Permítanme la vanidad pero creo conocer bastante bien la figura de Baltasar Garzón. Dos libros sobre su vida y obra, más el seguimiento puntual de sus andanzas judiciales, me permiten tener la información suficiente para hablar desde el conocimiento y no desde el sectarismo, tan extendido entre la izquierda extraviada que nos habita.
Nadie con dos picogramos de frente pondría en duda las tardes gloriosas que el Juez Estrella brindó en faenas memorables donde los toros, de cornamenta indescriptible, parecían imposible de someter: su lucha contra ETA y contra su aparato logístico y económico; su lucha contra el narcotráfico, averiándoles, una y otra vez, la lavadora que utilizaban para blanquear su mierda; su determinación, aunque también le movieran vendetas políticas, para mandar al talego a “casi” todos los responsables del terrorismo de Estado que tanto me avergonzó; su insistencia en impedir que dictadores asesinos durmieran a pierna suelta... Nadie, con sentido común, lo pondría en duda.
Pero tampoco nadie, con memoria y con decencia, puede omitir que también hubo tardes en las que los almohadillazos caían desde el tendido al ver como otros toros, por no poner la muleta en su sitio, se iban hacia los corrales vivitos y coleando al sonar el tercer aviso.
Pero vayamos, como diría el dueño de Clearasil, al grano. El santo sacramento del Derecho de Defensa, que garantiza la justicia hasta para el más abyecto de los criminales, no se lo puede saltar, salvo en casos de terrorismo, ni Garzón, ni Fungairiño, ni Sergey Bubka. Como finalizaba la editorial de El País del 17 de octubre de 1995 sobre el requerimiento de Garzón para que se le entregaran los llamados papeles del CESID, sometidos a secreto oficial, sobre la bozofia de los GAL, “ningún fin, ni siquiera el de conocer toda la verdad sobre los GAL, justifica pasar por encima de los procedimientos. El principio de que no todo vale rige tanto en la lucha contra el terrorismo como en la investigación de los delitos cometidos a su amparo”. Amén, aunque huela a podrido, amén.

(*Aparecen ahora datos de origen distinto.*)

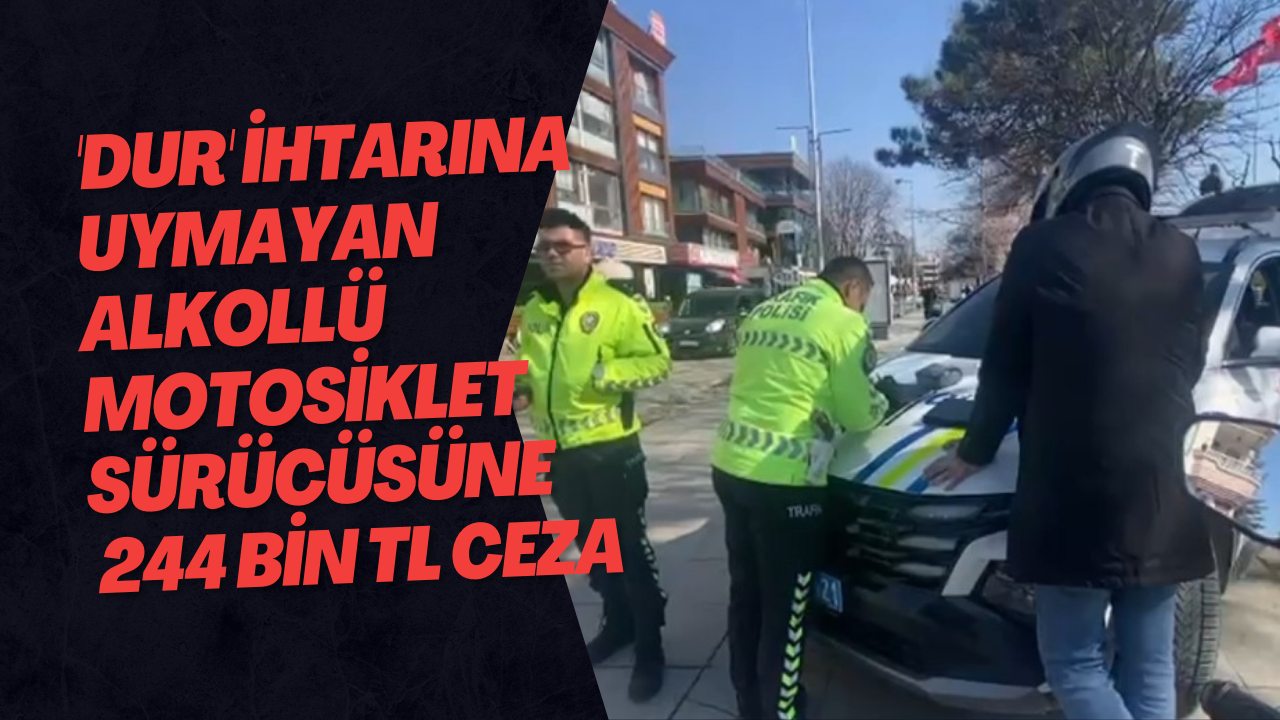 'Dur' İhtarına Uymayan Alkollü Motosiklet Sürücüsüne 244 Bin TL Ceza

Si a este flagrante caso de prevaricación, sentenciado unánimemente por el TS después de que el Juez Mediático recusara a buen puñado de jueces, le unen ustedes la cantidad de cadáveres que Garzón dejó por el camino y que como The Walking Dead persiguen la sombra del magistrado allá por donde fuere, entre ellos Felipe González y sus acólitos de entonces, se dan todos los elementos para que la tormenta perfecta cayera, sin remisión, sobre el juez que ya no lo será. Y crean que me duele. Como otra puñalada. Y van mil.